> **Task prompt**
Skip the pictures. Transcribe the rest of the data below without changing a word.

> **Dataset excerpt**
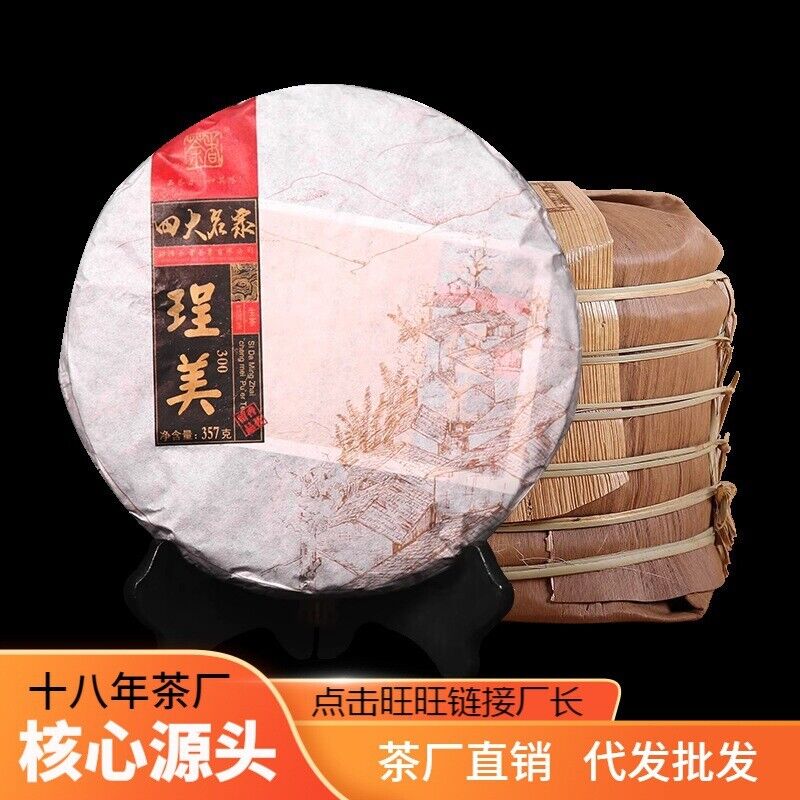 Puerh Tea Raw Tea Scrape Wind Walled Aged Tea 357g Seven Cakes Tea Main image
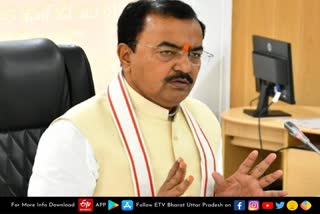 deputy-cm-keshav-prasad-maurya-in-hamirpur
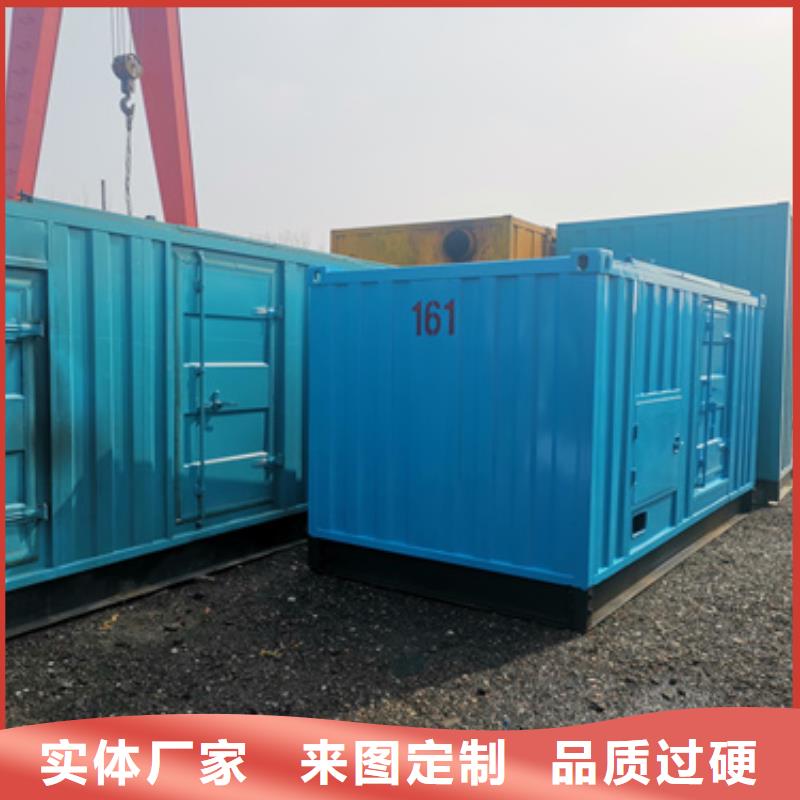 200千瓦靜音發(fā)電車租賃應(yīng)急品牌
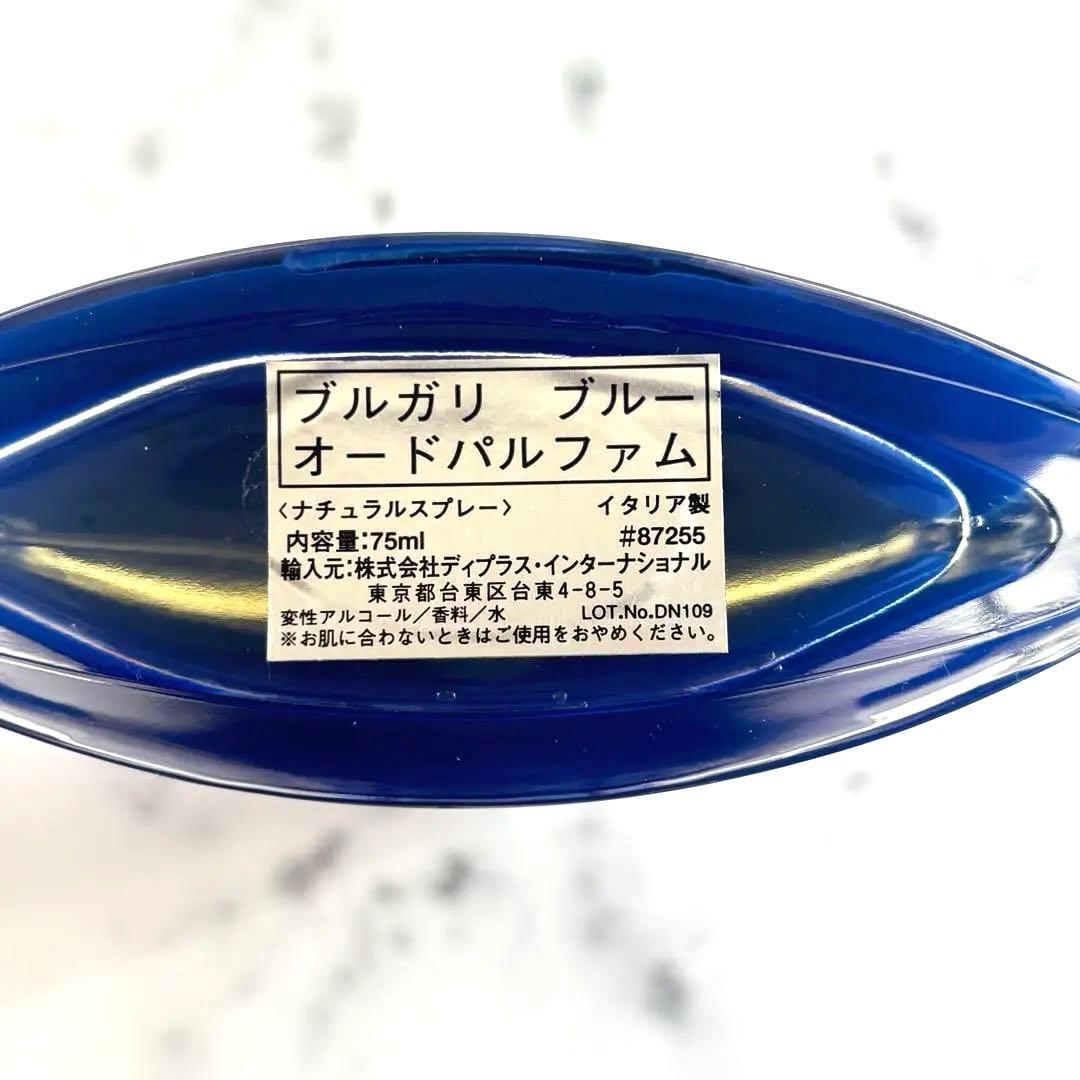 【ほぼ未使用　極美品】BVLGARI　ブルガリ　ブルーオードパルファム　75ml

> **Solution to this task**
 Puerh Tea Raw Tea Scrape Wind Walled Aged Tea 357g Seven Cakes Tea Main image
 deputy-cm-keshav-prasad-maurya-in-hamirpur
 200千瓦靜音發(fā)電車租賃應(yīng)急品牌
 【ほぼ未使用　極美品】BVLGARI　ブルガリ　ブルーオードパルファム　75ml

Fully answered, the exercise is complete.